Он поднял чашу, полную теплой крови. Она была невыносимо тяжелой, физически и метафизически. От нее шел запах железа и… сладковатой тленности Бездны. Кай повернулся к пропасти.

– «Да слышит земля, и все, что на ней!» (Второзаконие 32:1)! – его крик сорвался вниз. – «Вот Кровь Завета! Завета Огня и Разрушения! Прими жертву! Пошли Огонь Очищения! УСКОРИ ЧАС СУДНЫЙ!»

Он швырнул чашу в бездну.

Она летела, переворачиваясь, черная струя крови выплескиваясь на фоне багрового неба. И ударилась не о камни внизу, а о… пустоту.

Хлопок. Глухой, сосущий. Воздух над Бездной содрогнулся. Искривился. На миг открылся черный, бездонный глаз ненасытной пустоты. «Бездна бездну призывает» (Псалом 41:8).

Из "глаза" хлынула абсолютная Тьма. Не отсутствие света, а его антипод. Живой, леденящий мрак. Он ударил вверх, поглощая последний свет. Мир погрузился в кромешную тьму. Раздались вопли ужаса.

Тьма коснулась крови на алтаре, камнях, руках Кая. И кровь… загорелась. Не пламенем, а холодным, багрово-фиолетовым сиянием. Оно расползалось по Уступу, одеждам людей, оставляя темные, выжженные руны скорби и гнева. «И будет в тот день: не станет света» (Захария 14:6). Но светила кровь.
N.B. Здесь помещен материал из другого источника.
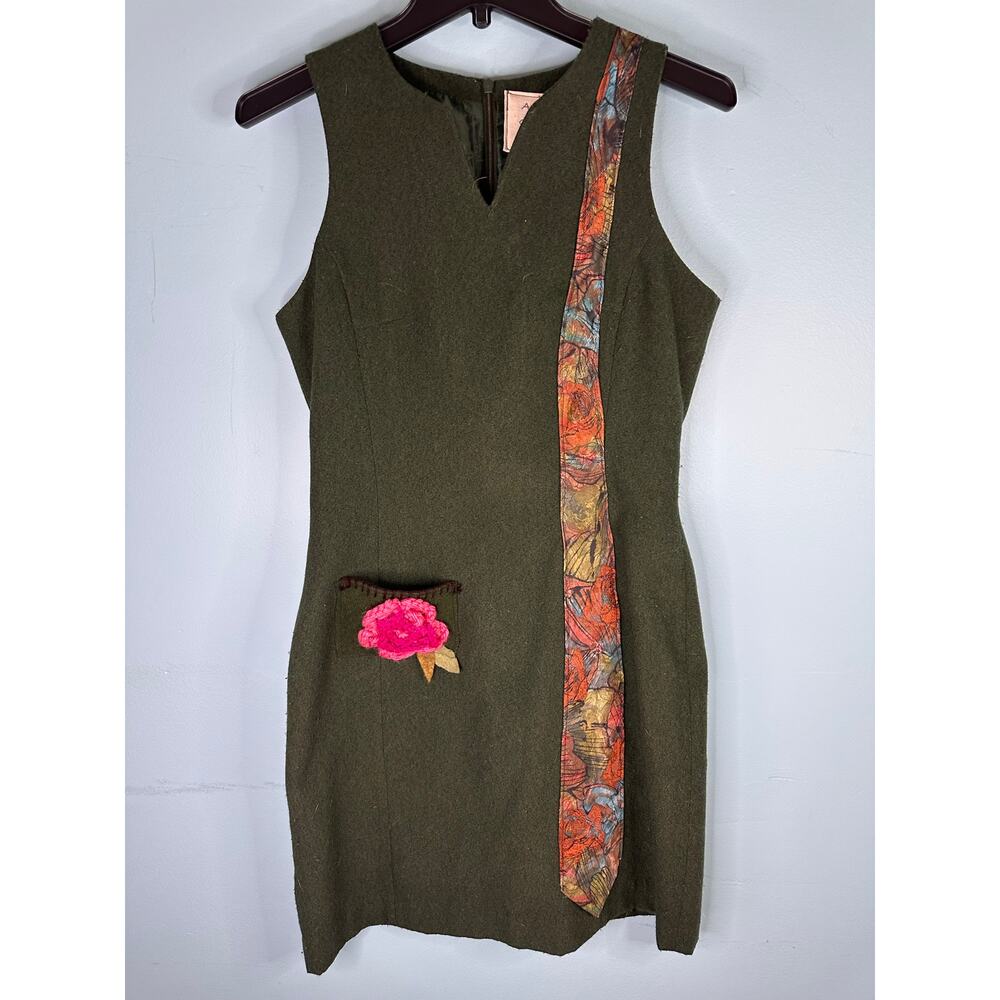 Vintage original olive appliqué crochet flower dress size small Boho Art Teacher
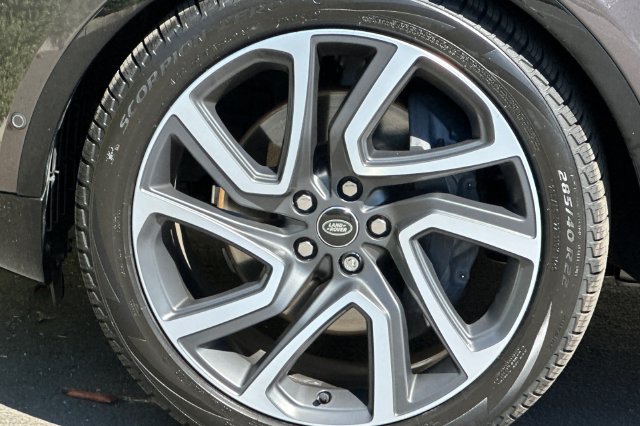 Certified Used 2025 Gray Land Rover Dynamic SE image 24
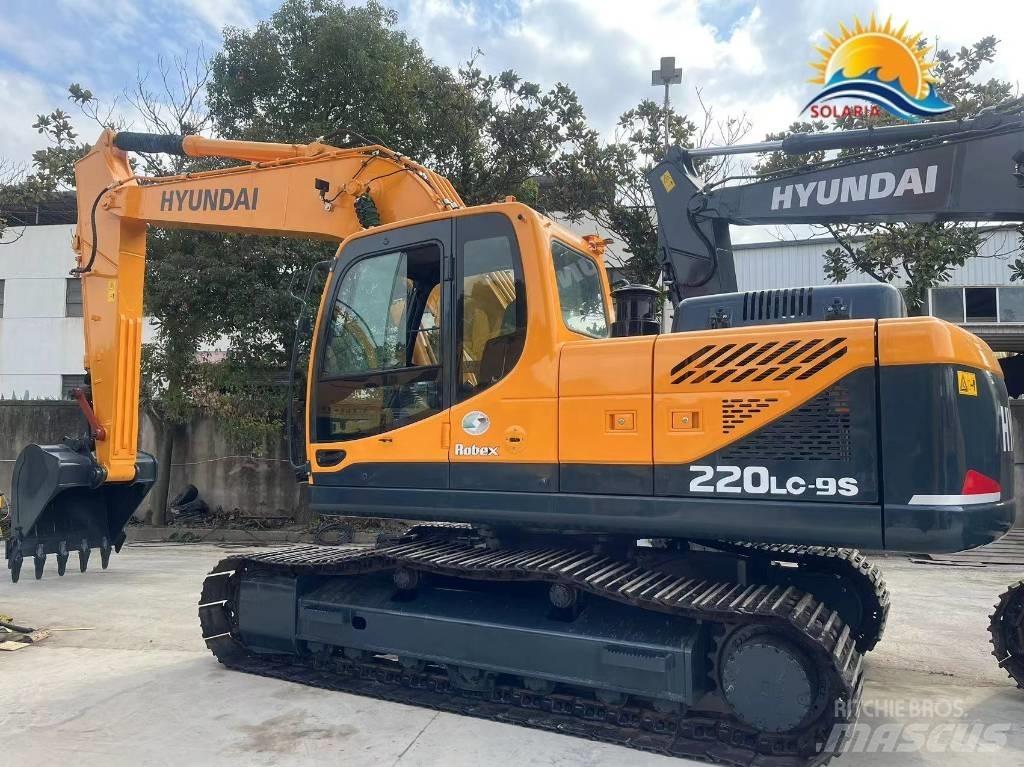 Hyundai R220LC-9S Ekskavatori uz riteņiem
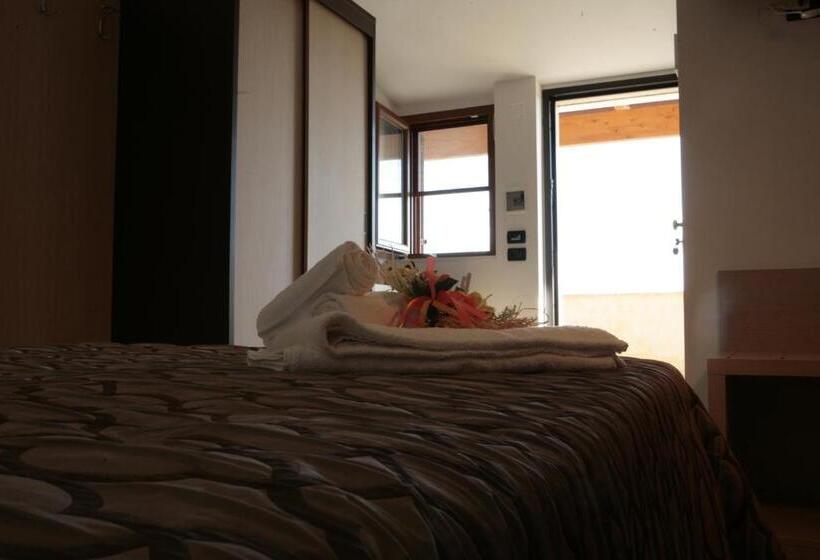 اتاق سوپریور چهار تخته, Albergo Il Giardino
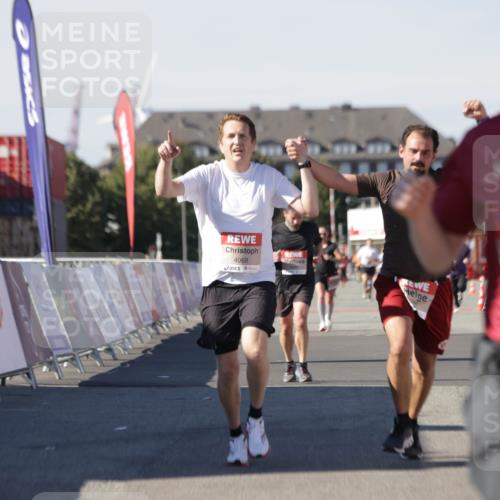 03.10.2025 - Köhlbrandbrückenlauf Jannik Wohlers http://msf.ph/oto/9099951 03.10.2025 12:56:57 Ziel 4068, 4086, 4115, 4491, 5846, 5962, 6016, 6417 meine-sportfotos.de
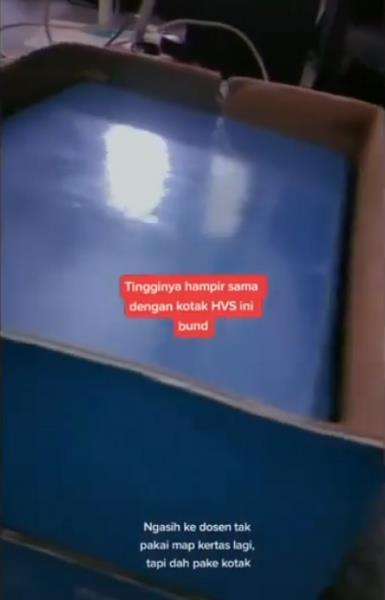 Tinggi skripsinya hampir sama dengan kotak kardus HVS.
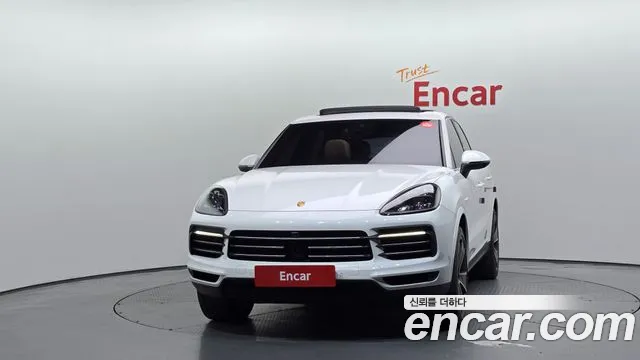 Porsche Cayenne 2020 thumb 3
Кай стоял недвижим. Багровое сияние лизало его кожу, впитываясь. Ни боли, лишь ледяной холод и… власть. Древняя, чуждая, разрушительная. Она пульсировала в его жилах, искажая дар Видения. Теперь он видел трещины в мироздании. Точки, где можно разорвать. «И дано ему было… вложить дух в образ зверя» (Откровение 13:15, адаптировано). Дух Разрушения вошел в него через кровь Матиаса.

Тьма отхлынула. "Глаз" схлопнулся. Багровое сияние угасло, оставив темные, прожженные пятна и леденящий ветер в душах.

Тишина. Гробовая. Последователи Кая были парализованы страхом. На алтаре лежало тело Матиаса, отмеченное мертвенными узорами. Кровь на камнях почернела.

Кай опустился на колени. Руки дрожали не от страха, а от переполняющей силы. От цены, заплаченной. «Ибо Ты возложил на меня тяготы, поставил на меня руку Твою» (Псалом 37:3, адаптировано). Тяжесть была чудовищной. Но это был его крест. Его Завет.

Он положил дрожащую руку на холодный лоб юноши. – «Сеявшие со слезами будут пожинать с радостью» (Псалом 125:5), – прошептал он без тени радости. Лишь с ледяной уверенностью. – Твоя кровь – семя Конца, сын мой. Теперь Огонь придет. «Ибо вот, придет день, пылающий как печь» (Малахия 4:1).

Он поднялся. В первых лучах кровавой луны (красной от дыма или знамения?) его фигура в черном казалась монументом Апокалипсиса.

– Поднимите его, – голос звучал как удар стали. – Первый мученик Последнего Ангела. Первая Искра. – Он посмотрел на восток, к спящему Камнекрылу. – Но не последний. «Пробуждайтесь, спящие во прахе!» (Даниил 12:2, адаптировано). Скоро восстанут и другие. Скоро грянет истинный Глас Грома. Готовьтесь.

Он спустился с Уступа. Толпа расступалась перед ним как перед вестником погибели. Багровые отсветы пульсировали в его глазах. И в крови. Кровь Завета. Кровь Полыни. Кровь Конца.

«Сия есть Кровь Моя… за многих изливаемая» (Матфея 26:28). За многих. Но не во спасение. Во искоренение.